Detection Of Hybridized Signals

For large organs or tissues, tape the slides to a film exposure cassette or cardboard and expose them against the film at 4°C for 1 to 10 days prior to emulsion autora-diography. In general, slides are directly subjected to autoradiographic emulsion by the following method:

1. Add an appropriate volume of working NTB-2 emulsion (prethawed in a 45°C water bath) to a slide-dipping chamber.

2. Slowly and carefully dip the slides into the dipping chamber and gently pull them out. Place the slides vertically in an appropriate rack and air-dry them for 2 h or in front of a fan for 20 min.

3. Place the slides in a light-tight slide box containing desiccant and seal the box with black tape. Thoroughly wrap the box with aluminum foil and allow exposure to proceed at 4°C for 1 to 10 days, depending on the intensity of the signal.

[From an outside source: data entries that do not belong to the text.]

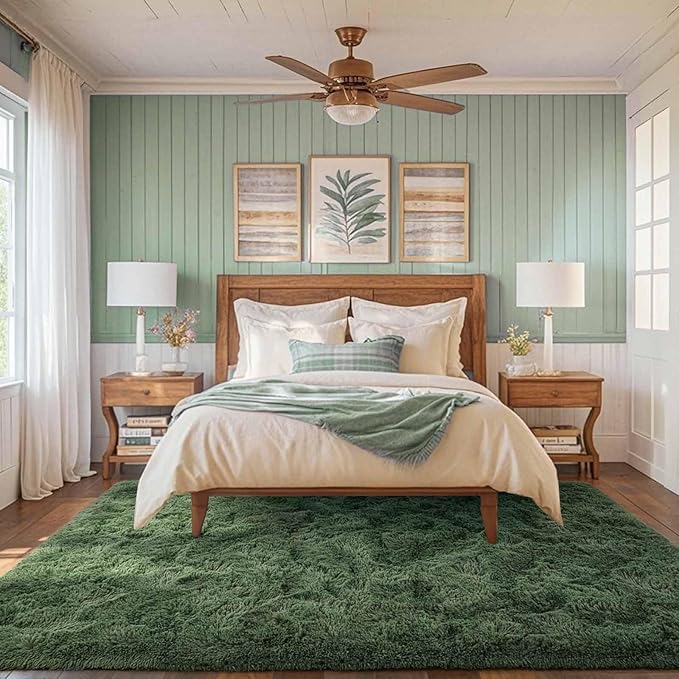 FinRèc 5x8 Feet Green Rug for Living Room Bedroom, Fluffy Fuzzy Shag Rugs, Non-Slip Furry Shaggy Area Rug for Nursery Kids Room Dorm Room Home Decor, Indoor Floor Carpet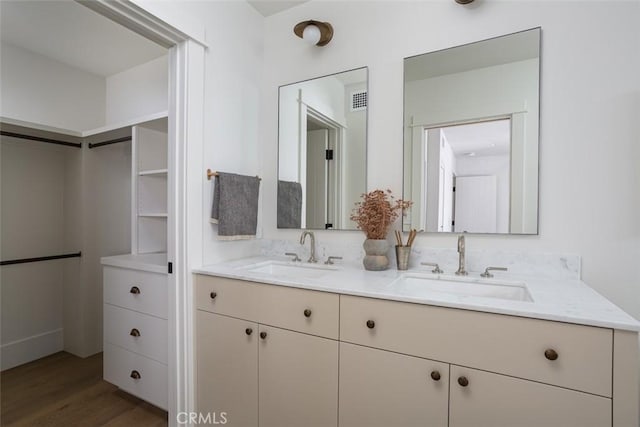 bathroom with vanity and hardwood / wood-style floors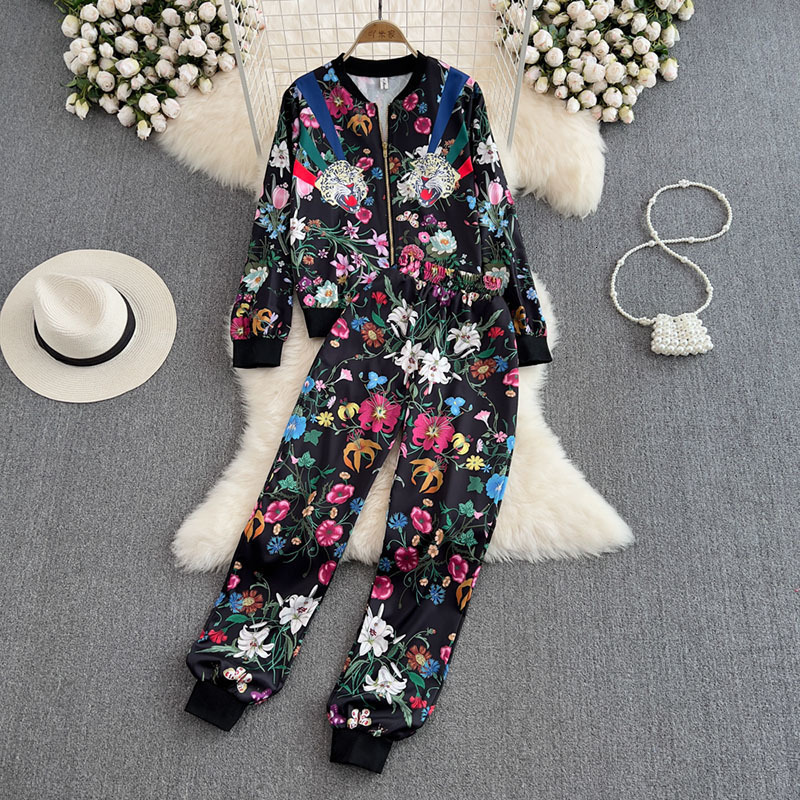 New Fashion Autumn Winter Printed Long Sleeve Zipper Jacket + Jogger Pants Casual Women Tracksuits Clothing Sets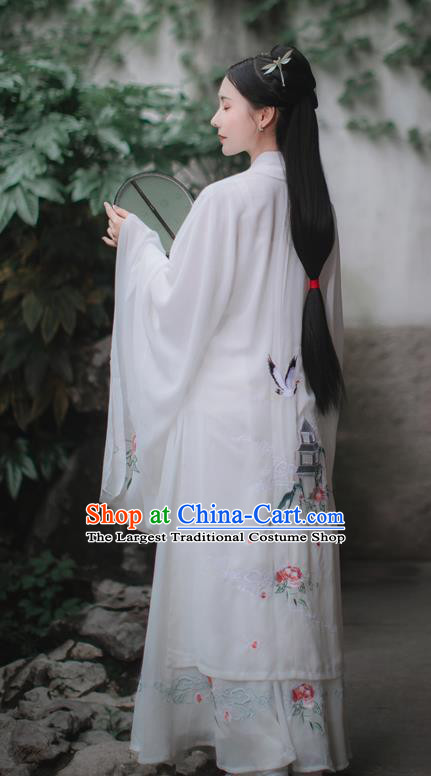 China Song Dynasty Young Beauty Historical Clothing Traditional White Hanfu Dress Apparels Ancient Goddess Princess Garment Costume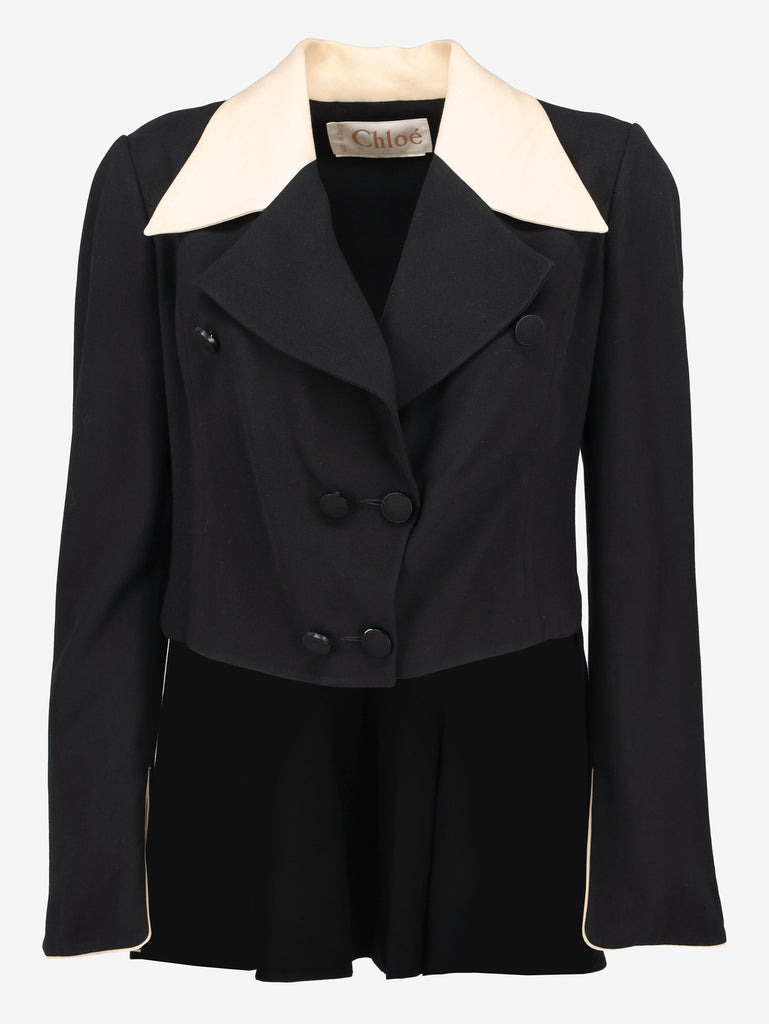Chloé Cropped Black Tailcoat Jacket with Cream Contrast Collar W27526.26  Chloé 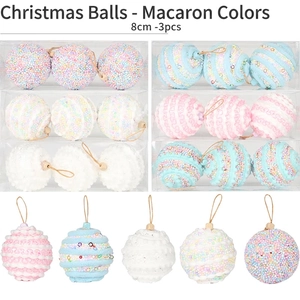 Set of 3 macaron-colored 8cm Christmas foam ball ornaments for tree decoration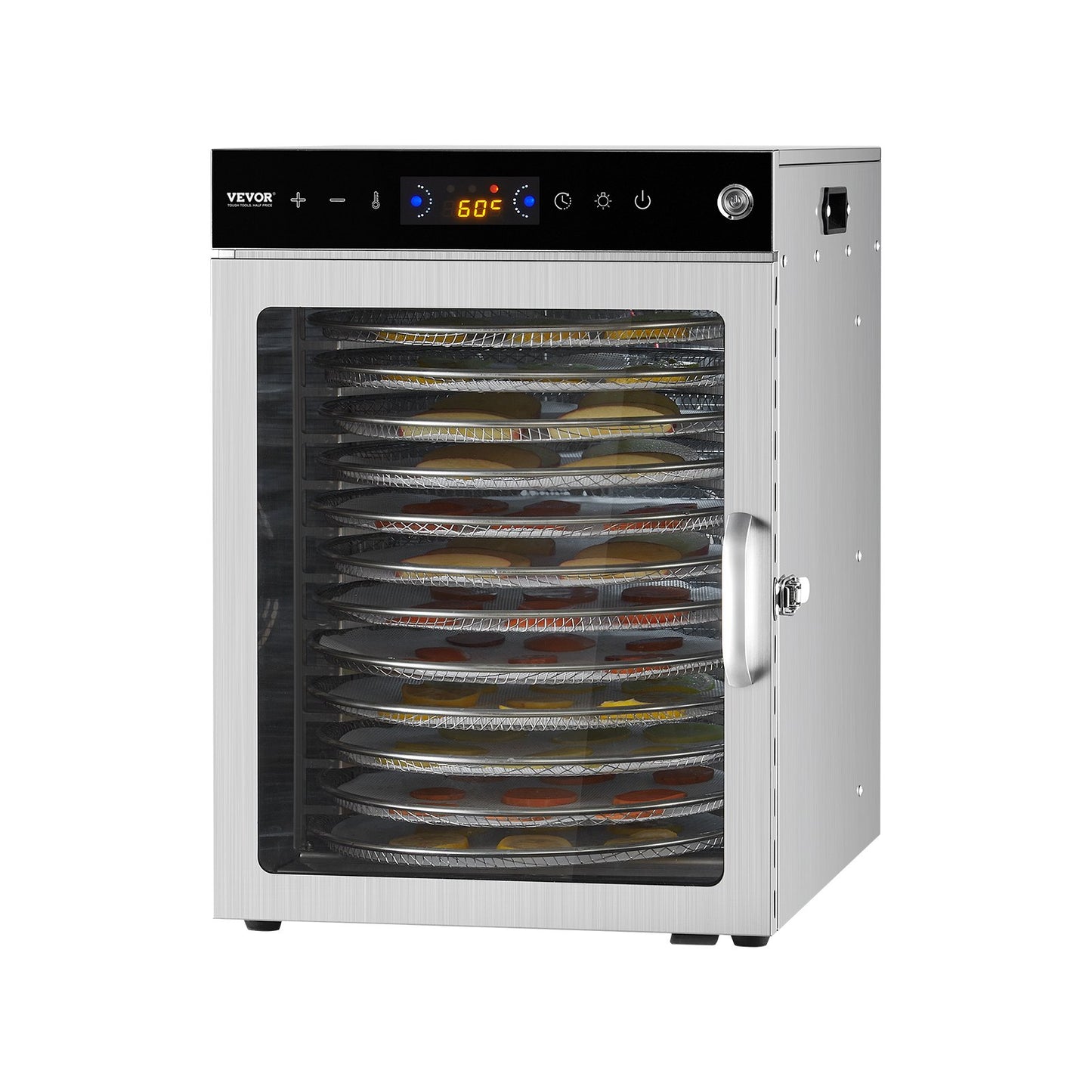 12 Trays Rotary Food Dehydrator Machine Stainless Steel 800W Fruit Drying V952-SGHGJ800W12CKZAQ8V3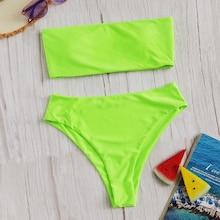 Romwe Neon Lime Bandeau With High Waist Bikini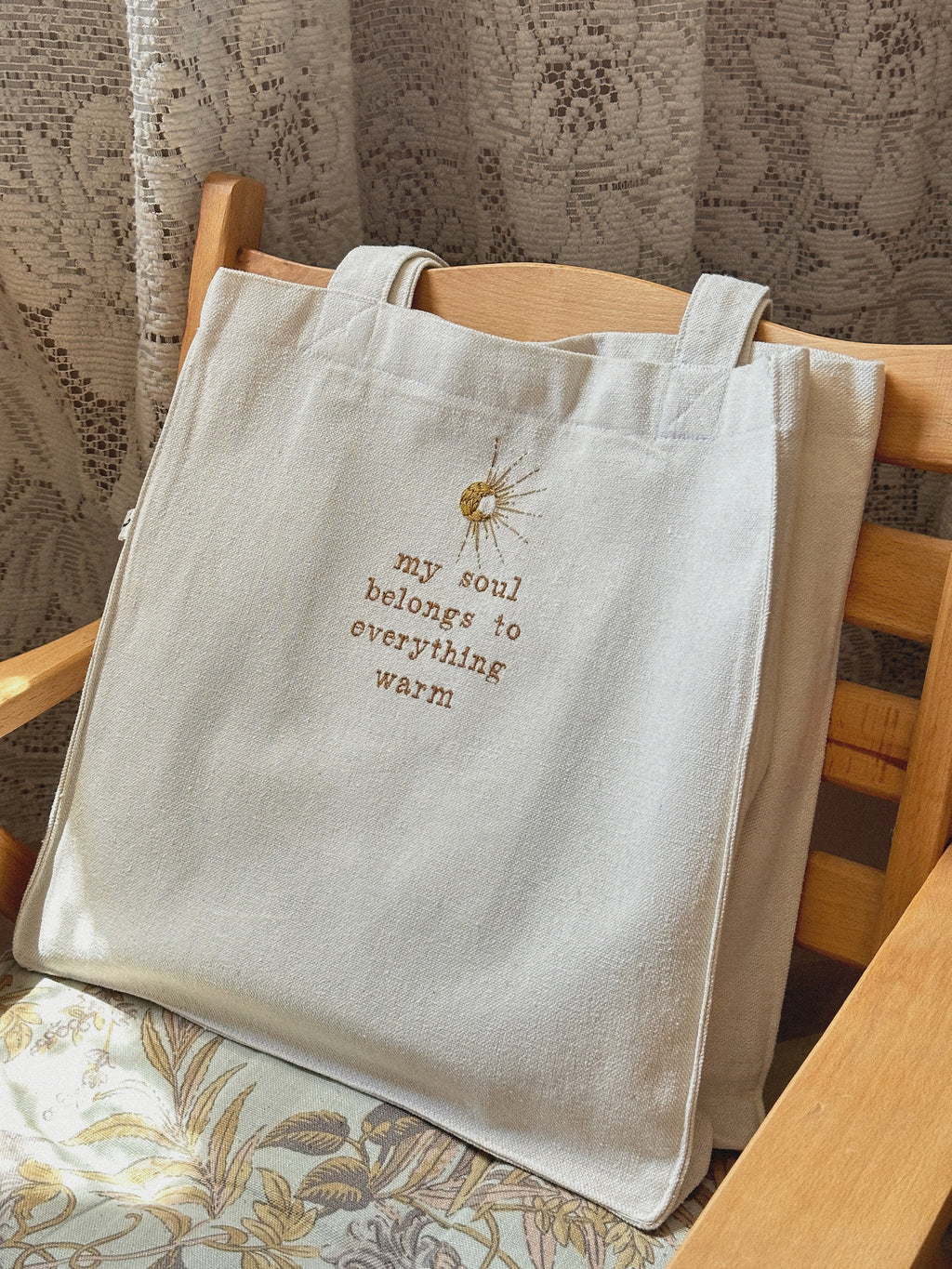 Sun bag- large embroidery tote bag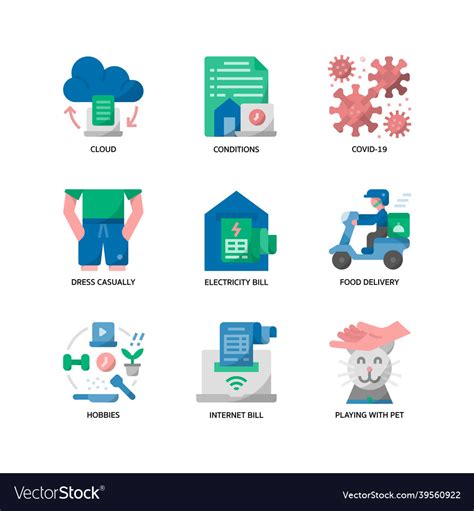 Work from home icons set Royalty Free Vector Image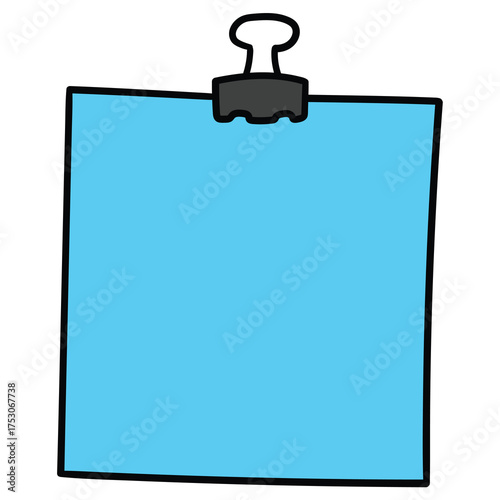 Hand-drawn cartoon blank blue paper sheet with a paper clip on a white background.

Notes: (1) The exposure of slides mandates a-32P-free environment. Thus, make sure to perform a radioactive survey of the refrigerator or cold room where the exposure takes place. (2) The slides must be completely dried prior to exposure because moisture results in fading of the images in the autoradiographic emulsion.

4. In a darkroom with a safe light, add sufficient volumes of developer, water, and fixer to slide jars or staining dishes and allow the solution and water to warm up to 20°C.

5. Transfer the slide exposure box from the refrigerator or cold room to the darkroom and allow the box to warm to 20°C.

6. Turn on an appropriate safe light in a light-tight darkroom, open the exposure box and place the slides in a slide rack.

7. Carefully immerse the slides in developer for 2 to 4 min; quickly rinse the slides in water for 30 s and immediately place the slides in fixer for 3 min.

8. Wash the slides in slowly running tap water for 30 min. Turn on the normal light, remove the emulsion on the back side of the slide using a razor blade and air-dry the slides in a dust-free place.

9. Carry out slight counterstaining of the slides in order to enhance the images using the hematoxylin/eosin-staining procedure described next:

a. Prepare a series of solutions in slide-staining dishes in the order below: 1 dish: hematoxylin stain; 2 dishes: water; 1 dish: 0.1% NH4OH; 2 dishes: water; 1 dish: eosin stain; 1 dish: 95% ethanol; 3 dishes: 100% eth-anol; 3 dishes: xylene b. Prewet the developed slides in water in a staining dish for 2 min.

c. Stain the specimens in hematoxylin for 10 to 30 sec and rinse the slides in water for 2 x 2 min.

d. Quickly dip the slides in 0.1% NH4OH and rinse in water for 2 x 3 min.

e. Stain the specimens in eosin 10 to 30 sec and quickly dip the slides nine times in 95% ethanol, then nine times in 100% ethanol.

f. Dehydrate the specimens for 2 min in 100% ethanol, then 3 min in fresh 100% ethanol, followed by 2 x 2 min in xylene g. Place the slides flat and add a few drops of PermountTM to one end of the specimens and slowly overlay them with a clean coverslip. Carefully remove excess Permount with 3MM Whatman paper filter strips.

h. Seal the edges of the coverslip with melted wax or allow the slides to air-dry for 1 to 2 days.

i. Observe and photograph the specimens using darkfield microscopy according to the manufacturer's instructions.

Reagents Needed

5X Labeling Buffer

25 mM MgCl2

26 A260 units/ml random hexadeoxyribonucleotides

5X Transcription Buffer 30 mM MgCl2 0.2 M Tris-HC, pH 7.5 10 mM Spermidine 50 mM NaCl

NTPs Stock Solution

100 mM ATP in dd.H20, pH 7.0 10 mM GTP in dd.H20, pH 7.0 10 mM UTP in dd.H20, pH 7.0 10 mM CTP in dd.H20, pH 7.0

Specimen Blocking Solution

Warm an appropriate volume of PBS to 45°C, add 0.16% (w/v) DTT, 0.19% (w/v) iodoacetamide, and 0.13% (w/v) N-ethylmaleimide. Mix well and cover with aluminum foil prior to use.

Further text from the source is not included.